Pandas Caching with Pirrtools#

The core feature of pirrtools is pandas DataFrame caching using the feather format.

[ ]:
# Create a sample DataFrame
df = pd.DataFrame({
    'product': ['A', 'B', 'C', 'D', 'E'],
    'sales': [100, 150, 200, 120, 180],
    'region': ['North', 'South', 'East', 'West', 'Central']
})

print("Sample DataFrame:")
df
[ ]:
# Use the pirr accessor for caching
# This will save the DataFrame to cache and allow quick reloading
cache_path = '/tmp/sample_data.feather'
df.pirr.to_cache(cache_path, overwrite=True)
print(f"DataFrame cached to: {cache_path}")

AttrPath - Attribute-based File Navigation#

Navigate the file system using dot notation with intelligent file viewing.

[ ]:
# Navigate to workspace directory
workspace = AttrPath('/workspace')
print(f"Workspace path: {workspace}")
print(f"Is directory: {workspace.is_dir()}")

# List some contents
if hasattr(workspace, 'D'):
    print(f"\nDirectories available: {list(workspace.D.__dict__.keys())[:5]}")
if hasattr(workspace, 'F'):
    print(f"Files available: {list(workspace.F.__dict__.keys())[:5]}")

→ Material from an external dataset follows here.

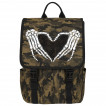 Sac à dos camouflage militaire punk-rock à mains squelette formant un coeur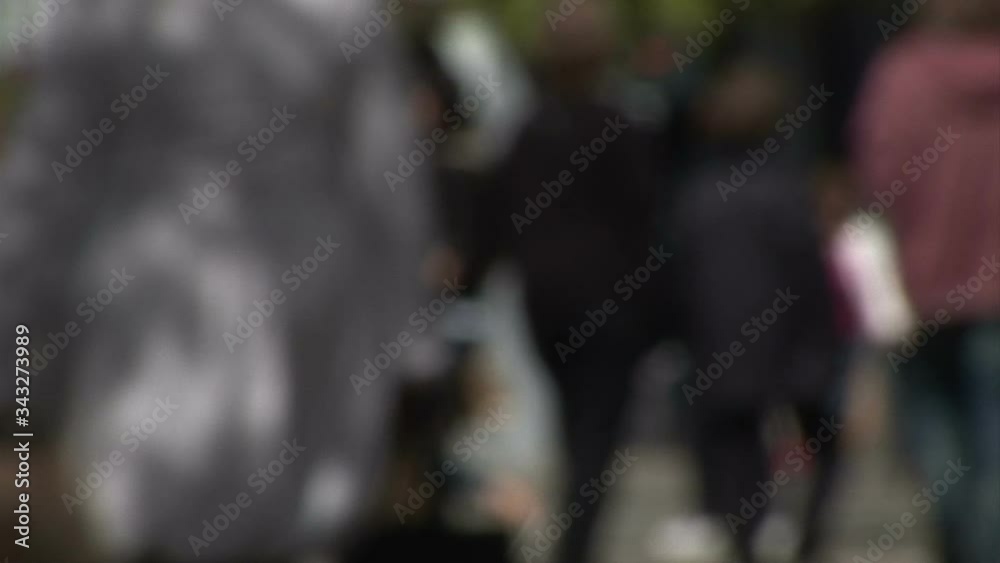 Defocused people shopping in Manchester England UK Defocused people shopping in Manchester England UK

AttrDict - Dictionary with Attribute Access#

Access dictionary values using dot notation.

[ ]:
# Create an AttrDict
config = AttrDict({
    'database': {
        'host': 'localhost',
        'port': 5432,
        'name': 'mydb'
    },
    'debug': True,
    'features': ['caching', 'logging', 'monitoring']
})

print(f"Database host: {config.database.host}")
print(f"Database port: {config.database.port}")
print(f"Debug mode: {config.debug}")
print(f"Available features: {config.features}")